Collected data:

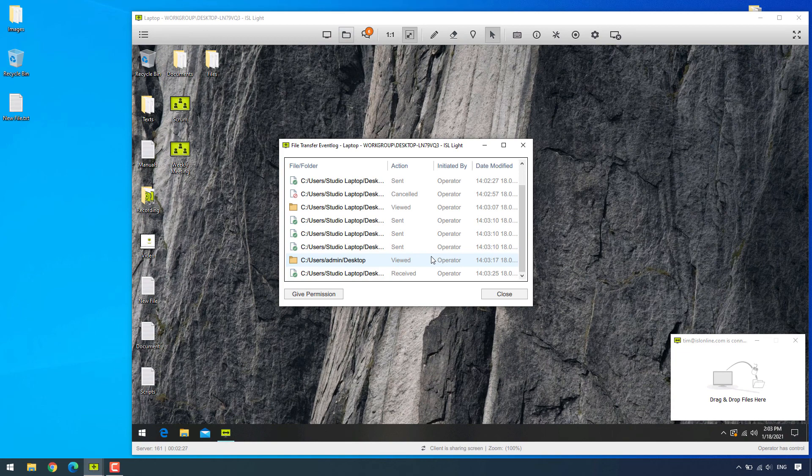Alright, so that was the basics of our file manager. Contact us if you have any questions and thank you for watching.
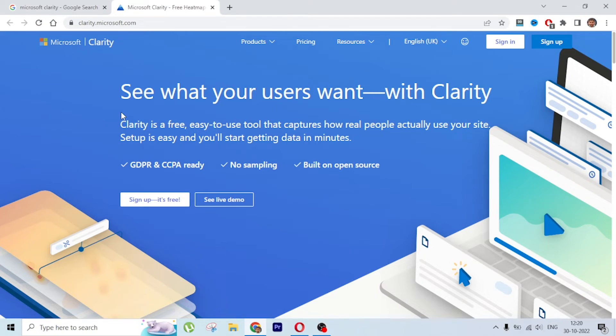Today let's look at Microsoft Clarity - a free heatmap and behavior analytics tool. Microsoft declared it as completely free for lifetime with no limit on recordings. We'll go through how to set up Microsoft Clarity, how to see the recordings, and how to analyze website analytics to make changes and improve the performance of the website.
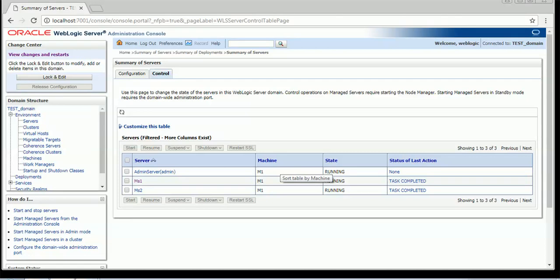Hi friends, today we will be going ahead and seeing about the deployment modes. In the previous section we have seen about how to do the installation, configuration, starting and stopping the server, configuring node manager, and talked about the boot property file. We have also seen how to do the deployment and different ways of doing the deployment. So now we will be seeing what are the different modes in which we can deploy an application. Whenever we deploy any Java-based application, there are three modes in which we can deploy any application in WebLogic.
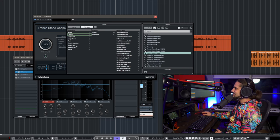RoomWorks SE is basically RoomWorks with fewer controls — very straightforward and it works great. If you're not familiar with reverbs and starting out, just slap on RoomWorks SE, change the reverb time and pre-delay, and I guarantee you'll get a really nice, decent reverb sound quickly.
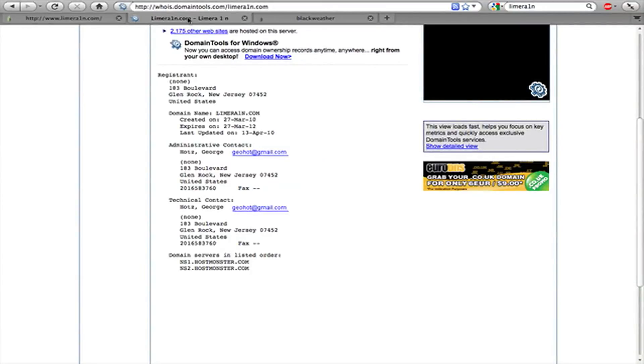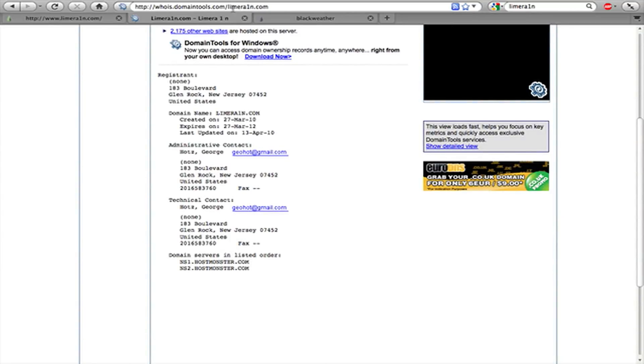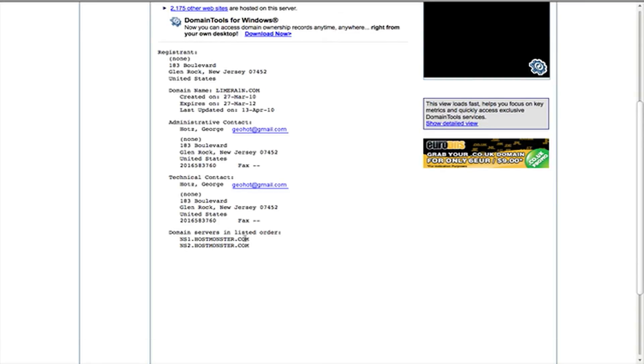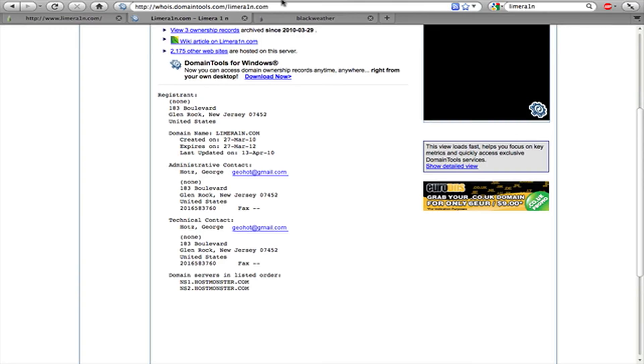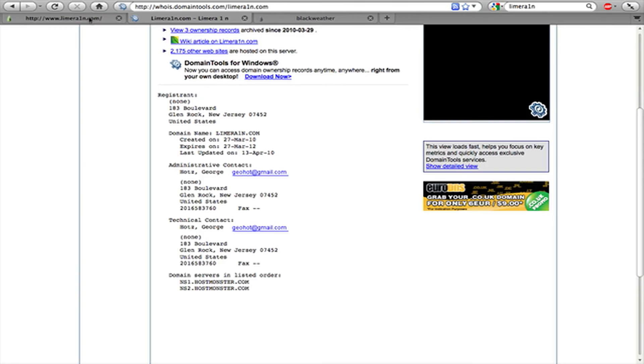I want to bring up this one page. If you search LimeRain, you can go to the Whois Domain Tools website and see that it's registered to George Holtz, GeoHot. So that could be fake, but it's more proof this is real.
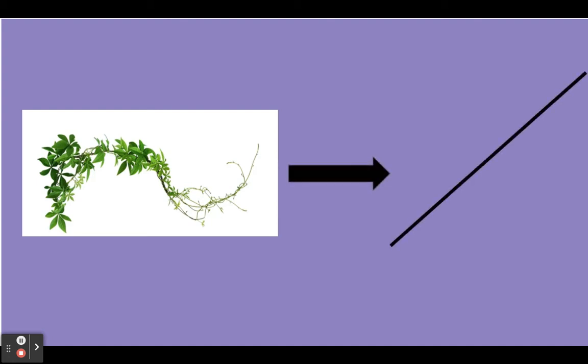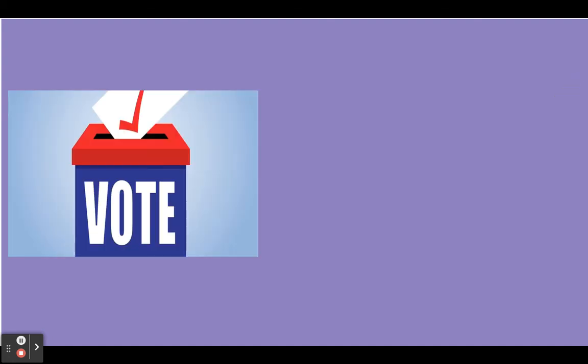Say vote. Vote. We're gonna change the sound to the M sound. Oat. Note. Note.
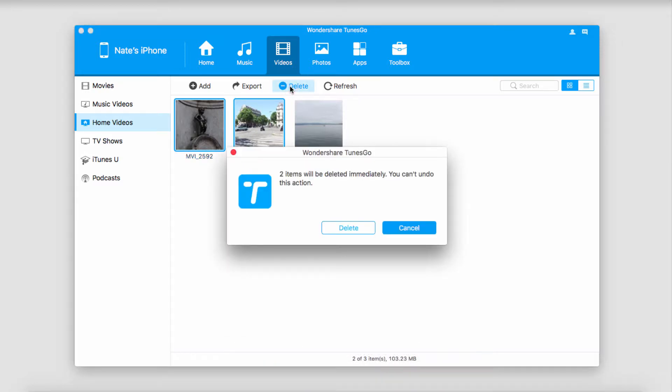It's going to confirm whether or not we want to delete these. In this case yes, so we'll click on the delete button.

• _Exercise goal_
Leave every picture out. Retype the remaining data exactly.

• _Response to this exercise_
Alright, so that was the basics of our file manager. Contact us if you have any questions and thank you for watching.
Today let's look at Microsoft Clarity - a free heatmap and behavior analytics tool. Microsoft declared it as completely free for lifetime with no limit on recordings. We'll go through how to set up Microsoft Clarity, how to see the recordings, and how to analyze website analytics to make changes and improve the performance of the website.
Hi friends, today we will be going ahead and seeing about the deployment modes. In the previous section we have seen about how to do the installation, configuration, starting and stopping the server, configuring node manager, and talked about the boot property file. We have also seen how to do the deployment and different ways of doing the deployment. So now we will be seeing what are the different modes in which we can deploy an application. Whenever we deploy any Java-based application, there are three modes in which we can deploy any application in WebLogic.
RoomWorks SE is basically RoomWorks with fewer controls — very straightforward and it works great. If you're not familiar with reverbs and starting out, just slap on RoomWorks SE, change the reverb time and pre-delay, and I guarantee you'll get a really nice, decent reverb sound quickly.
I want to bring up this one page. If you search LimeRain, you can go to the Whois Domain Tools website and see that it's registered to George Holtz, GeoHot. So that could be fake, but it's more proof this is real.
Say vote. Vote. We're gonna change the sound to the M sound. Oat. Note. Note.
It's going to confirm whether or not we want to delete these. In this case yes, so we'll click on the delete button.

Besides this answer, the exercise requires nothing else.